EXERCISE DESCRIPTION:
Between the line containing "AutoTecknic Replacement Carbon" and the line containing "ELECTRASTIM - TAPPO" lies a run of lines; give that run again exactly, with both of those lines, and nothing else from the entries below.

PROVIDED DATA:
·····

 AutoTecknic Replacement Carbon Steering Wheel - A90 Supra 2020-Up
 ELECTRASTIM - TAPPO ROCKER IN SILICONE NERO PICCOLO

·····

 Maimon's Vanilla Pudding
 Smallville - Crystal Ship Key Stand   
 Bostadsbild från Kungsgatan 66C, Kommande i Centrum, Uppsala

·····

SOLUTION BELOW:
 AutoTecknic Replacement Carbon Steering Wheel - A90 Supra 2020-Up
 ELECTRASTIM - TAPPO ROCKER IN SILICONE NERO PICCOLO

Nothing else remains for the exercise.